In the paper’s conclusion, they note that Ovis-U1 currently does not include a reinforcement learning stage, even though such a stage has shown itself to be critical for large-model optimization. They also point out that creating effective ways to align unified multimodal models with human preferences remains an important open research question in this area.
Now that we have reviewed the model architecture and training process, let’s run the model.
Implementation
Start by setting up a GPU server (e.g., by centron). Once it’s ready, clone the repository and install the necessary packages. You can do this using the shell commands below in the terminal. As an alternative, you can also try the model on HuggingFace Spaces.

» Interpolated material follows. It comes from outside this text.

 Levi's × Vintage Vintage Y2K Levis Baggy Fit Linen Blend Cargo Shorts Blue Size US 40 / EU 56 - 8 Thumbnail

# Install git-lfs for handling large files
apt install git-lfs
# Clone the Ovis-U1-3B repository from HuggingFace Spaces
git-lfs clone https://huggingface.co/spaces/AIDC-AI/Ovis-U1-3B
# Change directory into the cloned repository
cd Ovis-U1-3B
# Install pip for Python package management
apt install python3-pip
# Install required Python packages from requirements.txt
pip install -r requirements.txt
# Install additional Python packages for wheel and spaces
pip install wheel spaces
# Install PyTorch with CUDA 12.8 support and upgrade existing installations
pip3 install torch torchvision torchaudio --index-url https://download.pytorch.org/whl/cu128 --upgrade
# Install xformers for optimized transformer operations
pip install -U xformers
# Install flash_attn for attention mechanism optimization
pip install flash_attn==2.7.4.post1
# Run the main application script
python app.py
Final Thoughts
We’re incredibly excited about the continued evolution of multimodal large language models (MLLMs). The combination of carefully curated datasets, architectural innovations, and iterative capability improvements makes this area of AI especially compelling to watch. It’s fascinating to see how each advancement pushes these models closer to more versatile and practical real-world applications. Feel free to try it out for yourself!